En cette fin d’année 2015 marquée par un nombre record de victimes du terrorisme partout dans le monde, avec Daesh et Boko Haram en nouveaux leaders de l’horreur, trois provinces libyennes sont régentées par des combattants que l’auteur juge « aguerris » et très éloignés des profils des Salah Abdeslam et consorts, originellement petites frappes, influençables et corvéables à merci. Lesdits combattants ont, comme en Syrie et comme en Irak, tiré pleinement parti du chaos et de divisions politiques qui paraissent aujourd’hui bien dérisoires au regard des enjeux et des risques encourus. Bien implantés, « ils représentent les nouvelles structures d’un État qui a disparu dans les décombres de la guerre civile », résume l’auteur.

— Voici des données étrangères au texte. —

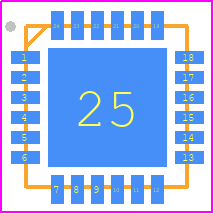 HMC1013LP4E - Analog Devices PCB footprint - Quad Flat No-Lead - Quad Flat No-Lead - HCP-24-2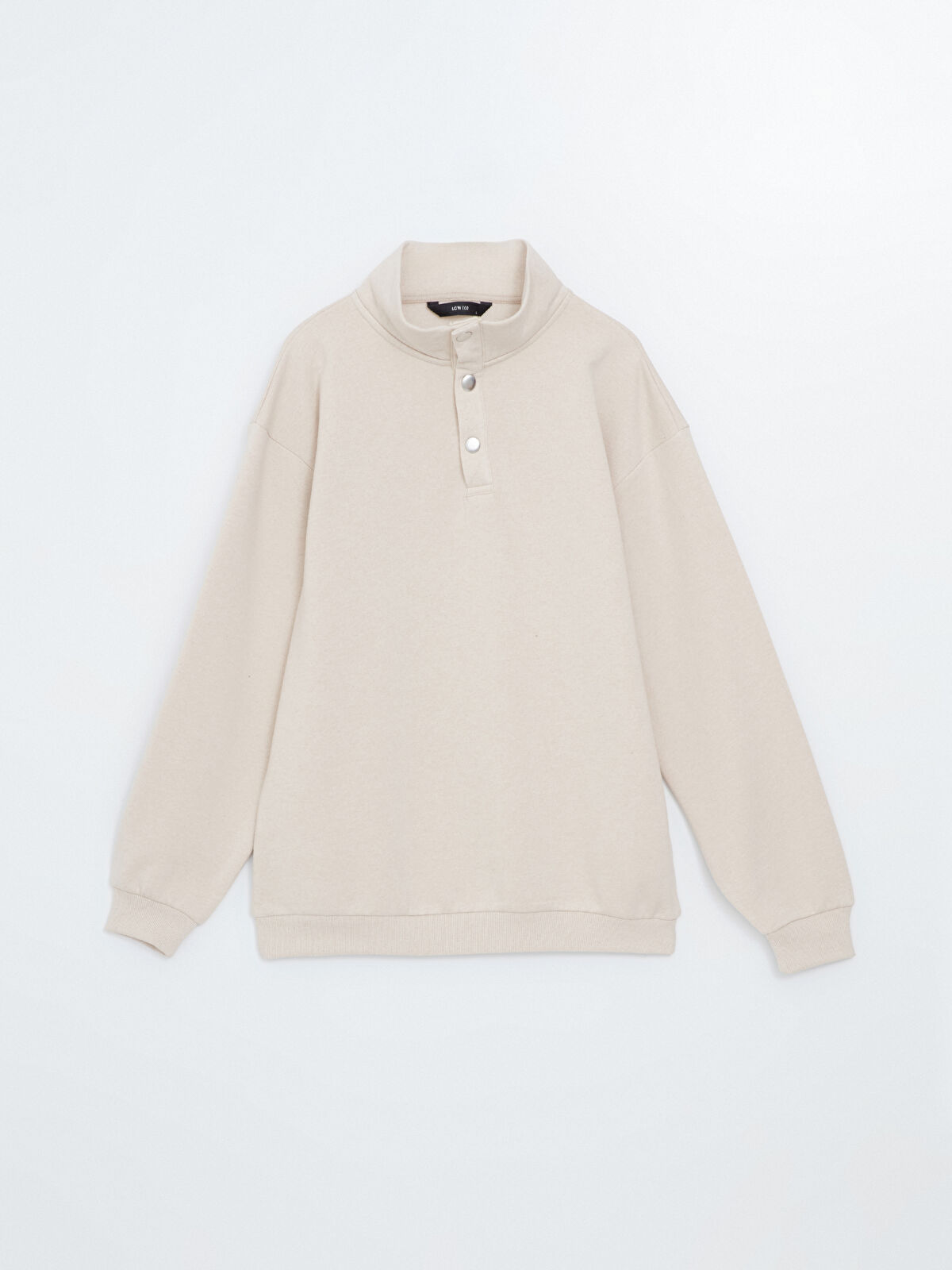 LC Waikiki Funnel Neck Long Sleeve Men's Thick Sweatshirt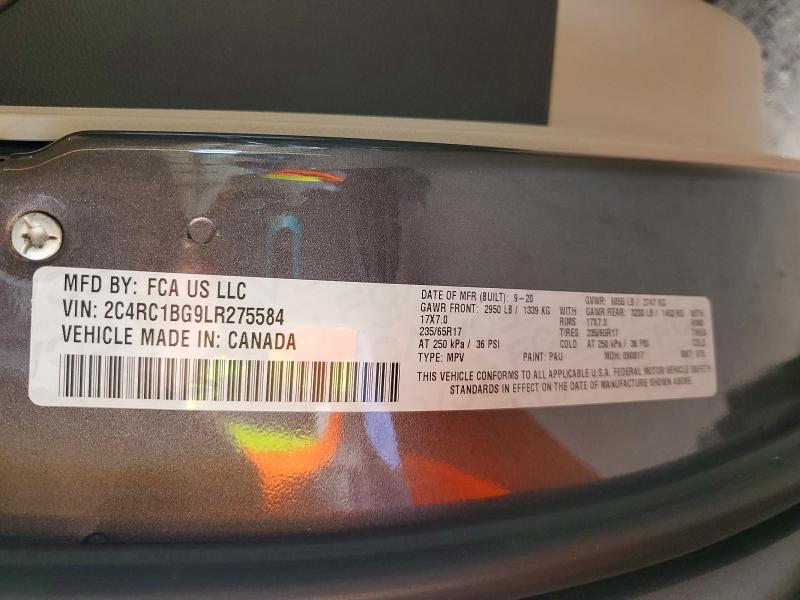 53332406 :رقم المزاد ، 2C4RC1BG9LR275584 vin ، 2020 Chrysler Pacifica مزاد بيع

De quoi inquiéter les groupes terroristes concurrents de Daesh, dont les effectifs fondent à mesure que l’Etat islamique engrange des succès et qui réussit à séduire jusqu’au Soudan et au Yémen. De quoi surtout susciter des inquiétudes supplémentaires en Europe, continent vieillissant, ingénu et dépassé, dont les failles en matière de lutte antiterroriste sont désormais criantes. Une Europe qui apparaît plus que jamais tiraillée entre l’humanisme qui fait son essence depuis des décennies et la nécessité de ne plus ouvrir sa porte à n’importe qui, en plus de celle d’un grand nettoyage idéologique dans les frontières de ses Etats membres. De quoi enfin subodorer un avenir des plus sombres pour les pays frontaliers de la Libye, en particulier pour la Tunisie, qui paie très cher son progressisme, pendant que l’Égypte reste politiquement des plus instables.
On peut, au bout du compte, anticiper une autre vague de migrants et, peut-être, des terroristes infiltrés dans leurs rangs. Daesh a formulé une menace on ne peut plus claire en ce sens en début d’année et a explicitement pointé l’Italie. On ne peut pas dire qu’il n’a pas tenu ses funestes promesses jusqu’ici.